I think Sammy gives the answer himself:
 diskio.c Fast file buffering

 (C) Copyright 1998 by Brian Boyle

 Version 1.3

As opposed to the stock code's use of fopen(), fclose(), fgets() etc.,
which first opens a file, then reads small chunks, processes each chunk,
then closes the file, Sammys code loads the whole file to memory on
fbopen(), then makes alterations in memory (reads/writes/appends), and
writes the whole file on fbclose().

Due to the way computers - and especially harddrives[1] - work, it is
considerably faster to avoid reading from the same file multiple
times. This is even more true on OS'es as complex as *nix and windows,
since these might allow other processes access to the disk in between
reads, making access time even slower.

These routines deserve a wider audience, if you ask me.


[1] Access times on large (new) drives are in the area
    of 5-15 milliseconds(average 8,5). On a multitasking
    computer, it is not rare for a couple of hundred processes
    to be running at the same time, or rather, in fast sequence,
    each getting a small portion of the cpu time. If one of these
    processes needs diskaccess, it connects through the proper
    interface, which then looks up the relevant part of the disk.
    This process takes the above 8,5 ms. If another process then
    wants diskaccess, the interface will have to find back to the
    place currently being read from, next time around, again using
    8,5 ms to find it.
    Luckily the makers of harddrives have realised that this is a
    terrible waste of time, and so have included built-in caches
    on the harddrives themselves, guessing what you might want to
    read next, and storing it in a small, fast memory, typically
    either 2 or 8 MB, the larger the disk, the larger the cache.
    So now you're thinking, ok, so the harddrive manufacturers
    have dealt with the issue, so I don't have to bother, right?
    Wrong! Even the best cache can only guess at the next part
    you want to read. If you code using internal file buffers,
    the cache can guess whatever it likes, it doesn't matter.
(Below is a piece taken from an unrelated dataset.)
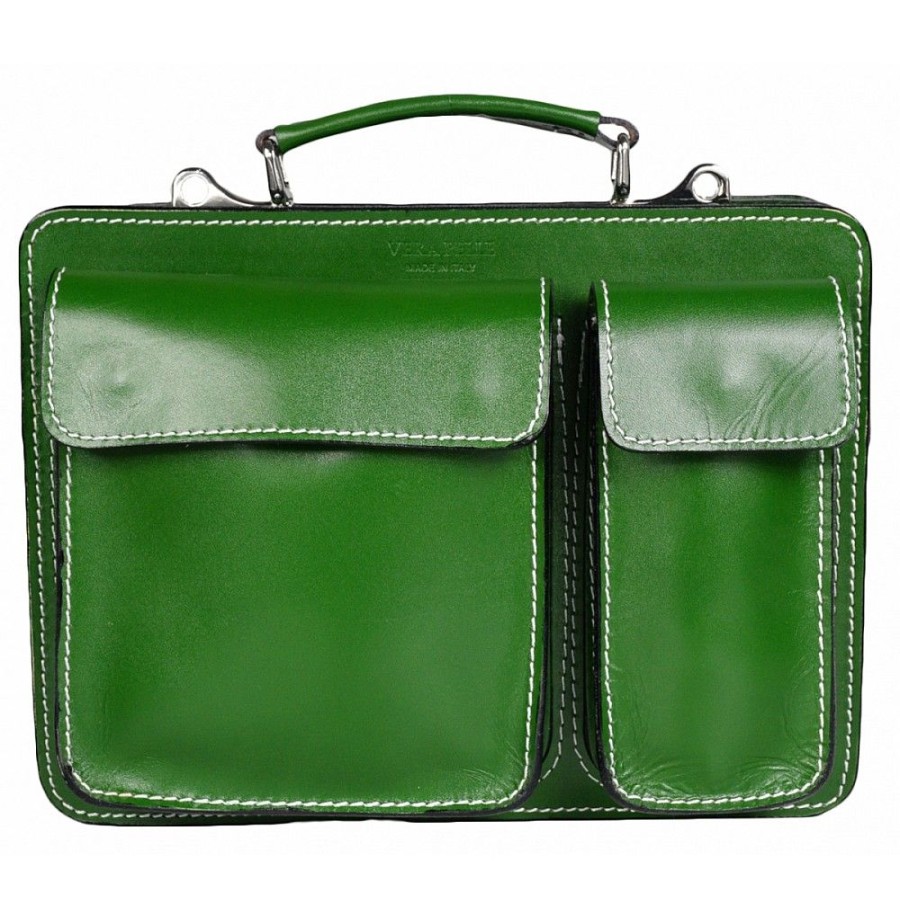 VERA Briefcases | Vera Italy "Kris" Green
You
    have made sure that regardless if there are 100 other programs
    wanting access to the harddrive, you're not in line anymore.
    After all, you're a better guesser than the cache, since you
    _know_ what you'll be reading next.
    All that accomplished by a small diskio library. Kudos to Sammy.
    Oh, you already knew that? Sorry, didn't mean to sound patronizing.